The power of data is so crucial to software development. We shouldn’t take it for granted. However, extracting insights from feature releases and experiments isn’t always straightforward. To get the insights you need, it takes the right tools and a little something I call “data respect.”
What does it mean to respect data as software people? When it comes to experimentation, using a feature flagging tool that connects flags to an advanced statistical engine is a great start. The goal here is to gain conclusions that are accurate and can be used to monitor development operations. Inevitably, this will empower your software teams to make smarter, data-driven decisions.
I can think of one helpful platform that carefully processes large amounts of flag data at the deepest, most granular level. It’s called Split. Apologies if I sound biased; I’ve been working on the platform’s metric cards. Let’s look at some of the new improvements, along with the importance of measuring impact.
Improvements to Split’s Metric Cards
Just recently, I helped improve the UI on the Split metric cards. They’re one of the first things you’ll see if you’re trying to interpret feature flag measurements. The strategy of this update has been to make the data understandable, valuable, and actionable. Here’s what you’ll notice:
For crystal clarity, we’ve made it easier to interpret the nuances of the data distributed. Split’s new metric cards now decouple negative signals from desired outcomes. Why? Because when a metric indicates a negative signal (and that’s what you’re looking for), the data should be more apparent. By bringing the right insights to the forefront fast, software engineers and product teams can react the same.
Attention to Impact Intervals
Also, we’ve given further thought to every impact interval displayed on the cards. The smaller the range, the more accurate the impact. The wider the range, the more inaccurate the impact. In the case that the range goes from negative to positive, the metric would therefore be inconclusive. That has been made obvious to the viewer! Whatever the impact may be, metric readings are designed to be communicated with clarity.
Making inclusivity a central part of the development process all starts with listening to customers. What we heard was that the metric cards’ needed enhancement from a UI perspective, and we were all ears! Specifically, we added color accessibility to Split’s functionality. This allows people with visual impairments (plus color vision deficiencies) to interact with digital experiences the same way their non-impaired counterparts do.
A Detailed Approach to Simplification
Statistical analysis can be confusing. Therefore, we looked to simplify the information on metric cards. But we did it in a very detailed way. Now when we surface results that have no true causation or correlation, we bring that to our customers’ full attention. Analyzing, summarizing, and processing data at the feature level should be intuitive. And, you shouldn’t have to be a data scientist to make sense of it all.
Impact Is Key
Yes, there are some very advanced experimentation strategies that will help you fully unleash the power of the Split platform. Take this Central Limit Theorem for example—power users, feel free to run with this equation, if you’re ready to up your game. But, if you’re just getting started with hypothesis-driven development, focus on “Impact; it’s one of the most important concepts to understand. Impact is the difference between the mean, or average, of any experiment control and the test treatment for a particular metric. In other words, when analyzing a certain metric for a software feature, the impact is used to compare two versions and see which one performed better.
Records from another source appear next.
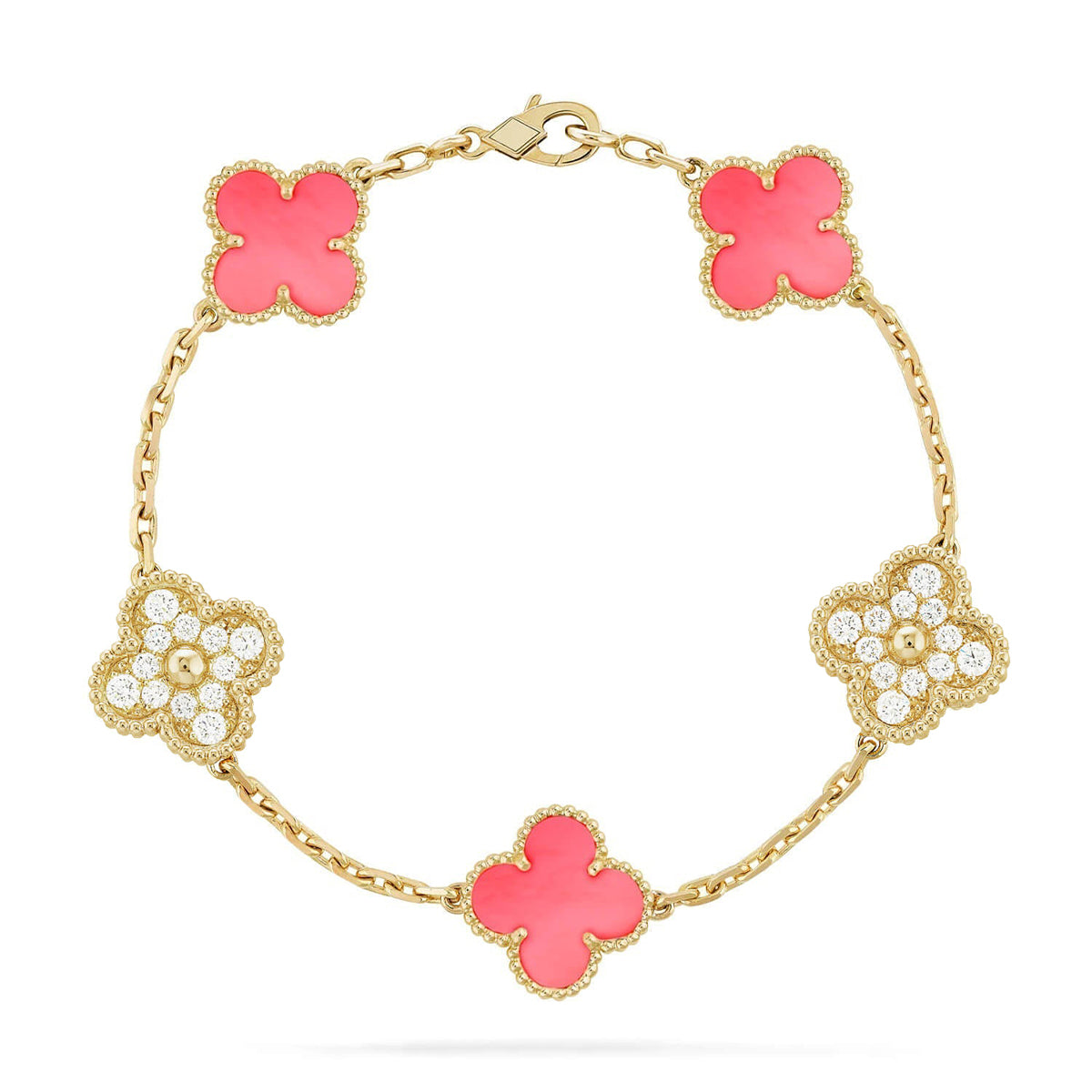 [Renovia Jewelry] CLOVER 5 MOTIFS  PINK MOP BRACELET COLLECTION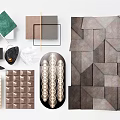 Modern Geometric Wall Decor With Textured Patterns And Various Shapes Collection 3d model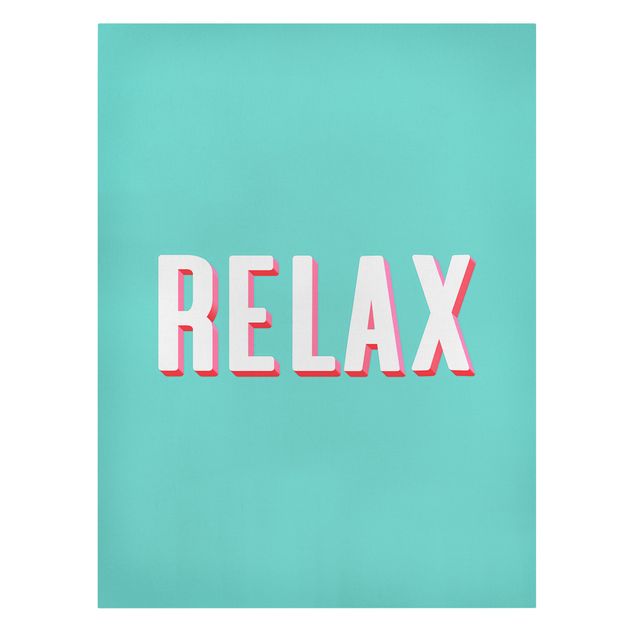 Canvas print - Relax Typo On Blue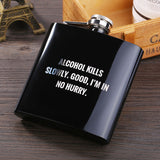 6 OZ Black *Skull Stainless Steel Hip Flask  *Custom Made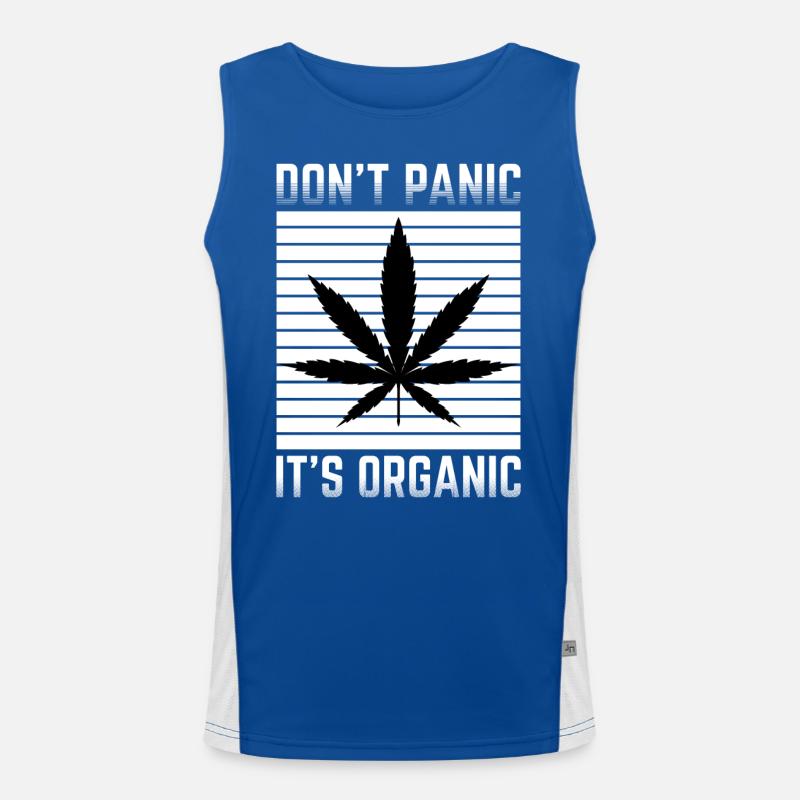 Cannabis Marijuana Weed Smoking Men's Functional Contrast Tank Top 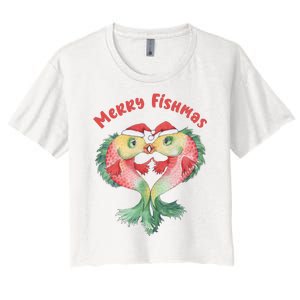 Merry FIshmas Cute Fish Christmas Gift Women's Crop Top Tee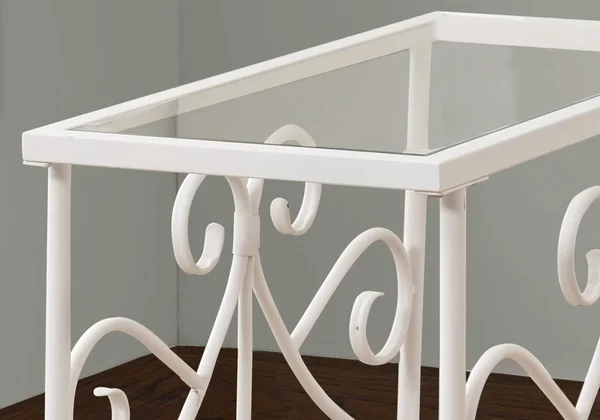 22x22 White Metal and Clear Tempered Glass Accent Table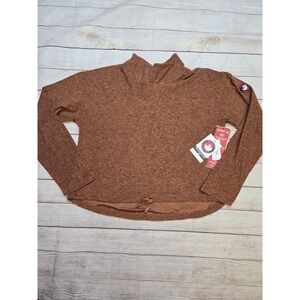 Canada Weather Gear Sweater Women's XL Orange Pullover‎ Mock Neck Pleated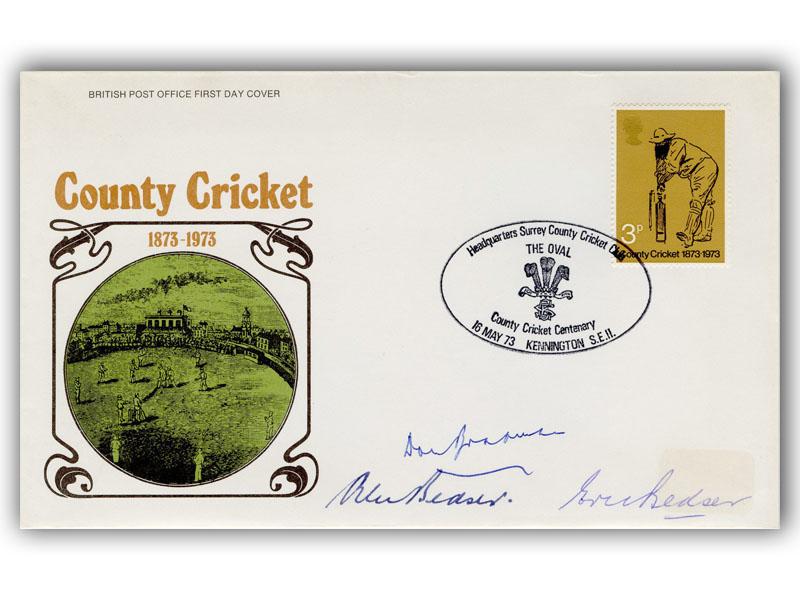 Don Bradman, Alec Bedser & Eric Bedser signed 1973 Cricket cover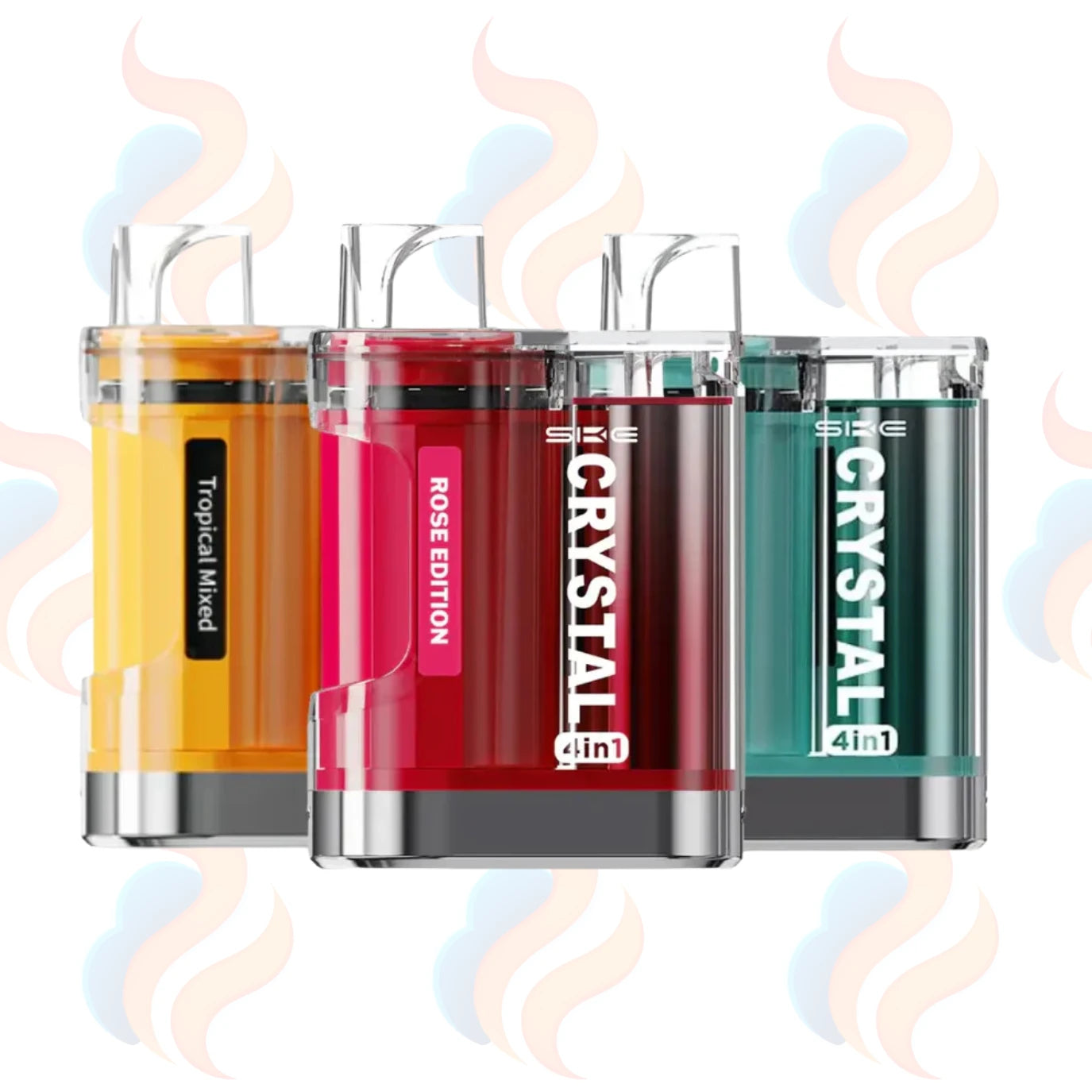Three SKE 2400 4in1 vape devices with different coloured tanks on a white background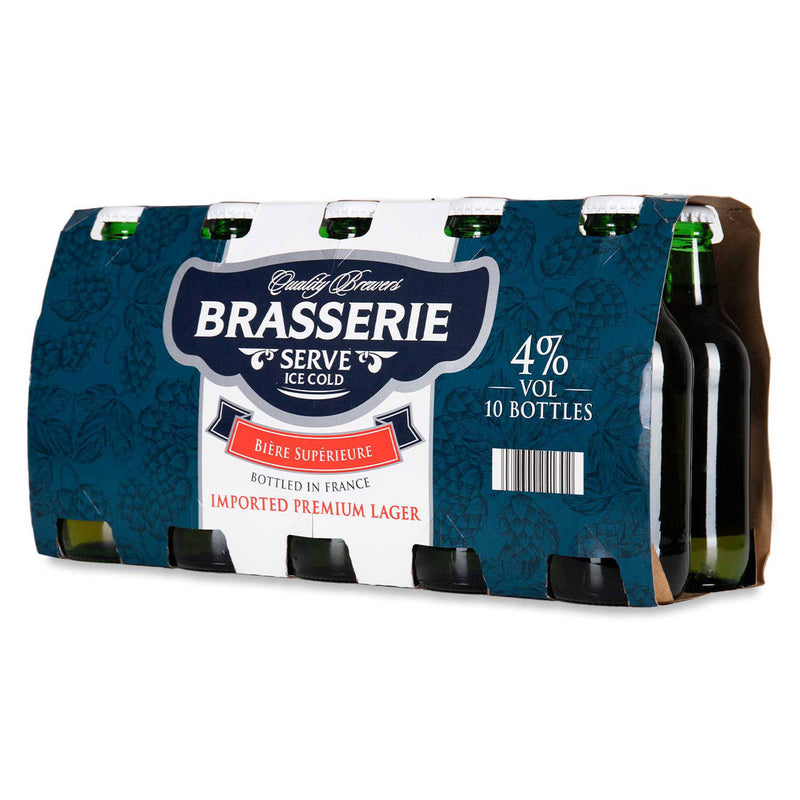 French lager beer 10 pack served chilled, UK version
A Simple Example of Impact Measurement
Let’s say we have two feature flags, one ON and one OFF. The first version, ON, will expose an exciting new application button, in an attempt to see if it receives more clicks. The feature flag in the OFF state, on the other hand, only shows our current version—the one we want to improve. In this experiment, we measure the number of clicks on the “Buy” button. After the result comes in, the ON flag has 400 clicks, and the OFF only has 336 clicks. Therefore, the impact for the metric “count of clicks per buy” would be (400-336)/100 = 0.64 = 64%. In conclusion, the ON has a 64% increase in clicks compared to the OFF treatment.
When reading metric cards, it’s critical to review with “Impact” in mind. If there is no impact difference between the samples, we feel it’s important to bring it to our customers’ attention. That’s why Split metric cards only show results that are useful and certain. If the data doesn’t give a helpful answer, then it’s our job to “respect” that by making everyone aware. After all, accuracy is the truth!
Remember this: When an experiment starts, you still have the ability to create new metrics, even if you’re sending the corresponding events for one particular measurement. Also, all the metrics you create will be calculated together, so if there are unintended effects in other parts of your core infrastructure, you’ll see it. Most tools only work with two or three metrics. If there’s an undesired effect caused by a feature release on another part of your software system, feature management platforms like Split’s will let you know.
Creating tools that are powerful and simple to use is almost a contradiction itself. But that doesn’t mean we can’t aim to do both. Processing huge amounts of data to refute a hypothesis and succinctly show the results is our objective with our measurement and learning platform. The metric cards will be the starting point to understand what is going on with your feature flags. Therefore, be sure to bucket your users, so we can find the impact for your most important metrics. The insights are right at your fingertips, you just need to have a clear goal of what you want to improve, and then go ahead to experiment.